Vatican pledges $125,000 for Auschwitz preservation & upkeep

 

The Vatican’s Secretary of State says, “Given our limited resources, the amount is small, but it is an expression of our full support.”
• More than 100 million euros from 31 countries was pledged to Auschwitz-Birkenau Foundation for the preservation & upkeep of former Nazi death camp.

By News Agencies & Israel Hayom Staff

 

The Vatican has pledged a 100,000 euro ($125,000) donation to the preservation of the Auschwitz-Birkenau Memorial Museum, located at the former Nazi death camp in southern Poland.

This undated file image shows the main gate of the Nazi concentration camp Auschwitz I, near Oswiecim, Poland – Photo: AP

“Given our limited resources, the amount is small,” Vatican Secretary of State Pietro Parolin said. “But it is an expression of our full support for the Auschwitz-Birkenau Foundation” that oversees the upkeep of the former camp, where the Nazis gassed hundreds of thousands of prisoners in occupied Poland during World War II.

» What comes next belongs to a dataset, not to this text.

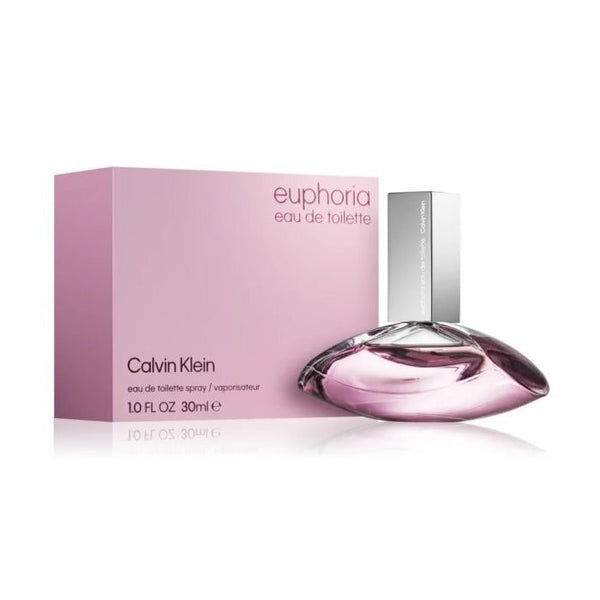 Calvin Klein Euphoria Eau De Toilette Spray 30ml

The Vatican is one of 31 countries that will donate to the foundation. More than 100 million euros in donations have already been pledged, including 60 million euros ($76 million) from the German government alone.

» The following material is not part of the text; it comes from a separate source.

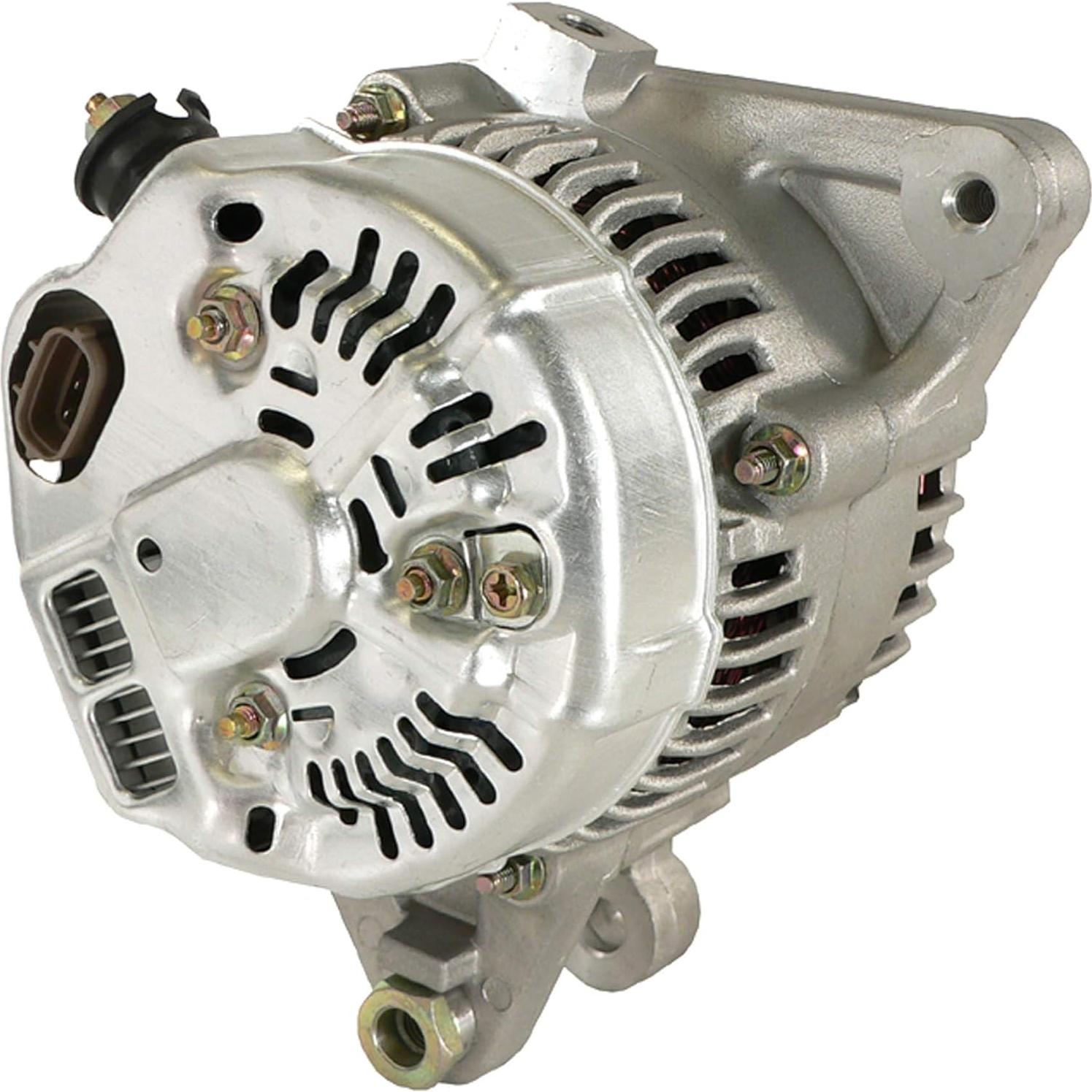 Alternador DB Electrical 400-52037 12V 80A para Chevy Prizm y Toyota Corolla 1998-2002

The Vatican’s decision to contribute to the preservation of the death camp is not at all trivial considering the fact that wartime Pope Pius XII has been repeatedly accused of turning a blind eye to the mass extermination of European Jews.

Between 1940 and 1945, a million Jews died at the camp in the Polish city of Oswiecim. More than 100,000 others including non-Jewish Poles, Roma, Soviet prisoners of war and anti-Nazi resistance fighters also died there, according to the museum.

More than one million people visit the museum each year.